__Required action__. Output all of the data exactly as it appears, but leave out any pictures it contains.

[Records provided Boundary: Start]

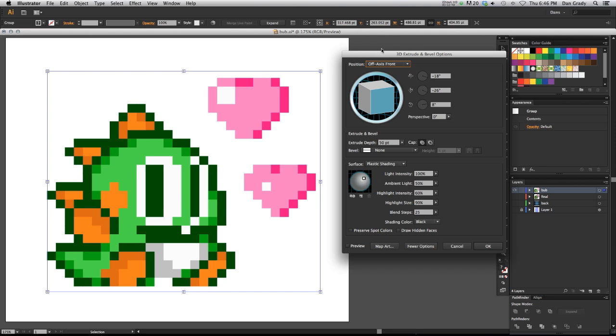So I never thought that by doing an unconventional thing in Illustrator that something like the 3D would even work on it. But one day I was experimenting around and to my surprise I found that the 3D effect works really good on this live paint grid and turns each and every pixel into its own little cube. It's a really neat effect.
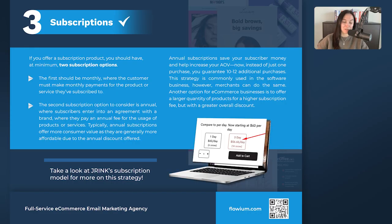Strategy number three is subscriptions — not a new model, but one with big growth over the last few years. To increase AOV with subscriptions, Andriy strongly recommends adding another tier. For example, if you sell juices and have a monthly subscription for 10 bottles, add a 20-bottle tier. The double quantity might be slightly cheaper per unit, but by default the average order value increases because they're ordering from that second tier.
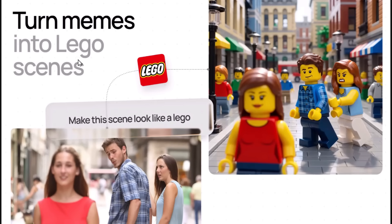You can also restyle any image into any art style using Nano Banana. For example, if you give it an image and ask it to make the scene look like Lego, it will create a Lego-style version where every character — even those in the background — has been turned into Lego, keeping their positions the same. The main characters also maintain the same emotional facial expressions as in the original image, which makes it a really good generation from Nano Banana Pro.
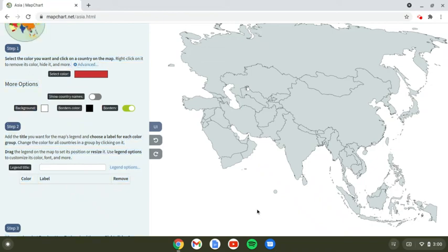Hi guys, it's Geography Lover here, welcome back to another brand new video, and today I'm talking about Ancient Civilizations Part 2. The last one was Part 1, and this is a kind of Part 2 of 2.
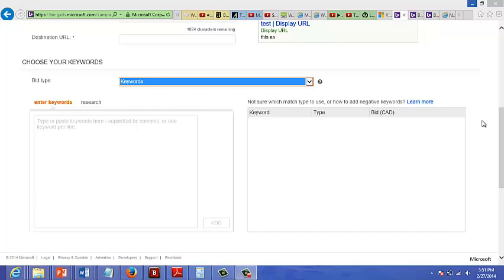After you've typed your text ad, you can go ahead and choose the keywords you want to bid on.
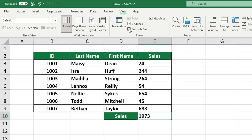If you would like to gain more space on your screen for viewing your Excel spreadsheet, you can watch the next Sheet Leveler video tutorial to learn how to hide or show the ribbon. The description below includes a link that will take you to the video.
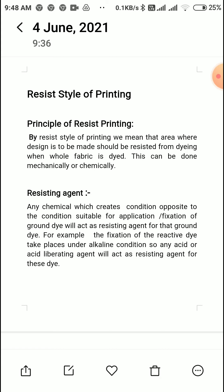Which chemical will act as the resisting agent? Any chemical which creates a condition opposite to the condition suitable for application or fixation of the ground dye will act as a resisting agent for that ground dye. For example, the ground dye can be direct, reactive, or sulfur. The chemical condition that needs to change could be acidic or alkaline — normally these two conditions are relevant.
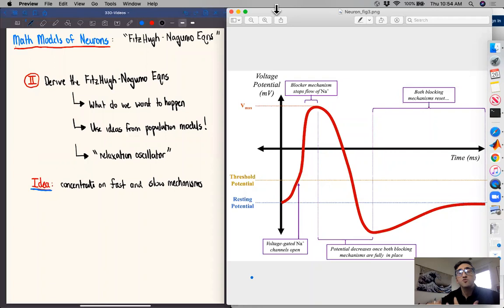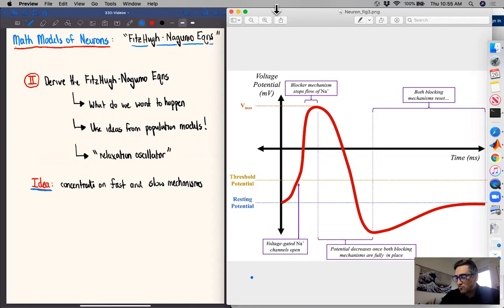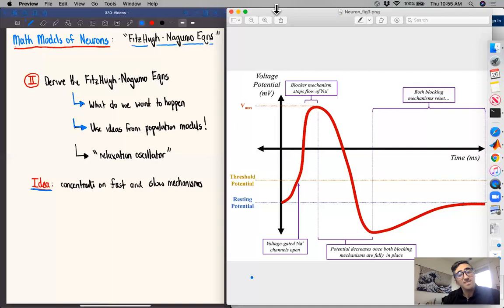In this video, we're going to start deriving our mathematical model of action potential firing from neurons. These are called the FitzHugh-Nagumo equations. We're going to derive these equations to model exactly what we want to see happen, playing with parameters that govern these action potential firing events. We'll borrow ideas from population modeling, such as logistic growth and exponential growth.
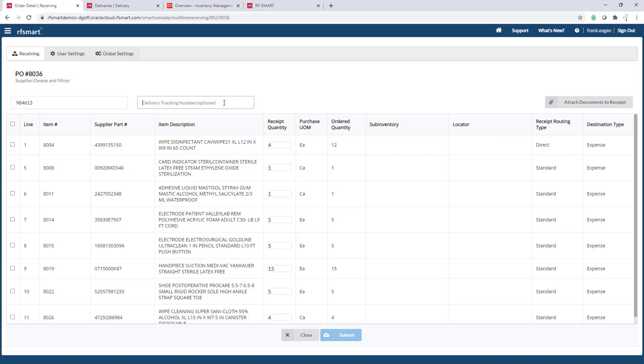Another option is to attach documents to the receipt we'll be creating in Oracle. In my case, I've scanned my two-page packing slip and we'll attach those files.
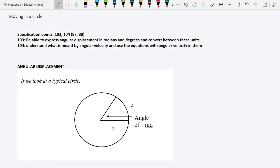Today's lesson is all about objects that move in circles. We are going to be covering specification points 103 and 104 for the home A-level, or 87 and 88 for IAL. Those are: to express angular displacement in radians and degrees and convert between the two, and to understand what is meant by angular velocity and use the equations with angular velocity in them.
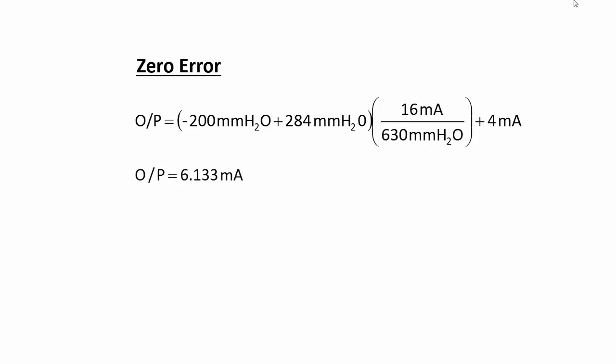The output current for this input is 6.133 mA when ideally it should be 4. The zero error is the calculated output current at the ideal lower range value input pressure minus the ideal output current of 4 mA.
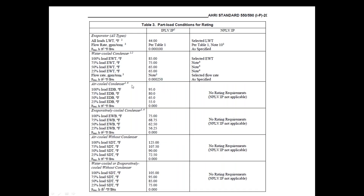This part load performance — IPLV and NPLV — is calculated based on AHRI standard 550/590. This standard covers various types of chillers: water-cooled condenser, air-cooled condenser, and evaporatively-cooled condenser types. Based on the type, IPLV follows the standard and NPLV is non-standard. The detailed procedure for conducting the IPLV test can be obtained from the AHRI website under standard 550/590.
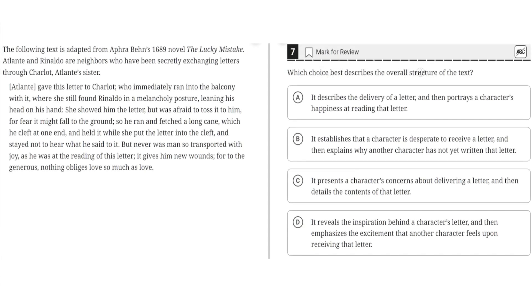Which choice best describes the overall structure of the text? The following text is adapted from Afra Ben's 1689 novel, The Lucky Mistake. Atlanta and Ronaldo are neighbors who have been secretly exchanging letters through Charlotte, Atlanta's sister.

[Records provided Boundary: End]

__Result of the exercise__.
So I never thought that by doing an unconventional thing in Illustrator that something like the 3D would even work on it. But one day I was experimenting around and to my surprise I found that the 3D effect works really good on this live paint grid and turns each and every pixel into its own little cube. It's a really neat effect.
Strategy number three is subscriptions — not a new model, but one with big growth over the last few years. To increase AOV with subscriptions, Andriy strongly recommends adding another tier. For example, if you sell juices and have a monthly subscription for 10 bottles, add a 20-bottle tier. The double quantity might be slightly cheaper per unit, but by default the average order value increases because they're ordering from that second tier.
You can also restyle any image into any art style using Nano Banana. For example, if you give it an image and ask it to make the scene look like Lego, it will create a Lego-style version where every character — even those in the background — has been turned into Lego, keeping their positions the same. The main characters also maintain the same emotional facial expressions as in the original image, which makes it a really good generation from Nano Banana Pro.
Hi guys, it's Geography Lover here, welcome back to another brand new video, and today I'm talking about Ancient Civilizations Part 2. The last one was Part 1, and this is a kind of Part 2 of 2.
After you've typed your text ad, you can go ahead and choose the keywords you want to bid on.
If you would like to gain more space on your screen for viewing your Excel spreadsheet, you can watch the next Sheet Leveler video tutorial to learn how to hide or show the ribbon. The description below includes a link that will take you to the video.
Which chemical will act as the resisting agent? Any chemical which creates a condition opposite to the condition suitable for application or fixation of the ground dye will act as a resisting agent for that ground dye. For example, the ground dye can be direct, reactive, or sulfur. The chemical condition that needs to change could be acidic or alkaline — normally these two conditions are relevant.
In this video, we're going to start deriving our mathematical model of action potential firing from neurons. These are called the FitzHugh-Nagumo equations. We're going to derive these equations to model exactly what we want to see happen, playing with parameters that govern these action potential firing events. We'll borrow ideas from population modeling, such as logistic growth and exponential growth.
Another option is to attach documents to the receipt we'll be creating in Oracle. In my case, I've scanned my two-page packing slip and we'll attach those files.
Today's lesson is all about objects that move in circles. We are going to be covering specification points 103 and 104 for the home A-level, or 87 and 88 for IAL. Those are: to express angular displacement in radians and degrees and convert between the two, and to understand what is meant by angular velocity and use the equations with angular velocity in them.
The output current for this input is 6.133 mA when ideally it should be 4. The zero error is the calculated output current at the ideal lower range value input pressure minus the ideal output current of 4 mA.
This part load performance — IPLV and NPLV — is calculated based on AHRI standard 550/590. This standard covers various types of chillers: water-cooled condenser, air-cooled condenser, and evaporatively-cooled condenser types. Based on the type, IPLV follows the standard and NPLV is non-standard. The detailed procedure for conducting the IPLV test can be obtained from the AHRI website under standard 550/590.
Which choice best describes the overall structure of the text? The following text is adapted from Afra Ben's 1689 novel, The Lucky Mistake. Atlanta and Ronaldo are neighbors who have been secretly exchanging letters through Charlotte, Atlanta's sister.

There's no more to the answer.